Não podemos confundir
democracia com conselho escolar e eleição como os elementos indicadores
concretos da realização da democracia. E não dá pra colocar a retórica de
“aperfeiçoamento”, “evolução” da gestão democrática, pois não existe “evolução”
na sociedade. O que existe é a instauração de força criadora para pôr novas
significações que se oponham ao instituído, destruindo o antecedente e dando
formas instituídas ao novo.
A democracia na UFPE/CE é
uma farsa. É uma farsa porque ela não é pública, é privada uma vez que são alguns
docentes que controlam os espaços estatais (órgãos, cargos, representação
simbólica de autoridade, etc.). É rotina. É desprovida de Eros, de dádiva, de
calor humano. Se existe dádiva, é instrumental, utilitária. Não pode ser
diferente: não há nada a construir, nada há sonhar, nada a criar, mas manter.

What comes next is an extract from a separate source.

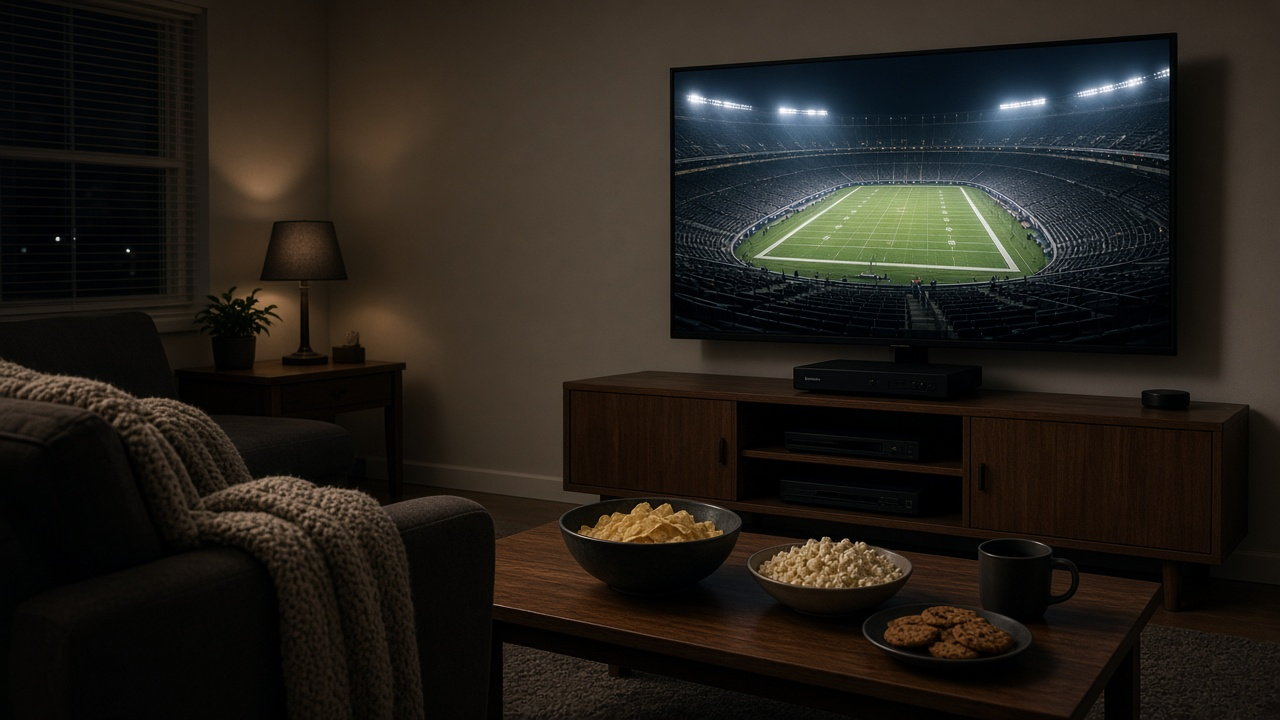 Dark living room at night with a wall-mounted TV showing an empty floodlit football stadium, a satellite receiver on a wooden console, a knit throw on the sofa and snack bowls on the coffee table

Manter cargos, espaços acadêmicos “científicos”, status, etc. A maior expressão
disso é a “carta-programa”. Não existem palavras, frases com sentidos que
toquem em alguém. Apenas tópicos, metas a serem atingidas pela gestão. Não se comprometem
com nada. Não incomoda ninguém porque não se posicionam. É o discurso
privatizado. Os administradores vieram aqui para salvá-los da desordem. Os
coronéis não elaboravam discursos. Faziam-se no discurso: as realizações. Ou
seja, a política se transformou em mercadoria, em débito (realizações). E toda
mercadoria é quantificada.
A ruptura com essa
tradição implica uma perlaboração que não é de fácil realização. Há de existir
um desejo que emirja da “alma”, que não seja recalcada, que não tenha medo de
se fazer existir e de ser. Para isto, não há receitas. Está aberta a história.
Para alguns representantes da Casa Grande, a história já acabou. Para esses,
não há Eros, apenas perversão. Tenta-se de tudo para “seduzir” as pessoas com
seus zumbis pintados e maquiados com intenção de desviar e impedir os desejos
coletivos. Tentam convencer que não há saída, que apenas a “democracia” é o
caminho. Logo, eles são os representantes legítimos e inalienáveis.
A defesa a se fazer nesta
conjuntura não é a defesa da democracia, pois ela foi capturada pela morte. Ela
hoje é expressão da morte. Recorre-se ao barroco na política, no mercado, na
cultura, na educação, etc. visando embotar o olhar perlaborado. Um pouco de
criatividade democrática apagou-se quando emergiu com certa força na década de
80. Hoje, resta apenas um palito em fase final de apagar-se. Hoje, não mais
democracia, mas a defesa da liberdade de expressão de opinião, de contestação.
Uma escola (UFPE, por exemplo) democrática, para receber esse nome, precisa ser
livre, autônoma. Ousar, criar, romper barreiras, desescolarizar-se. Essa é a
nossa tarefa na contingência da história. Democracia hoje é rotina. É morte. É
passado que precisa ser enterrado. Que precisa ser enlutado.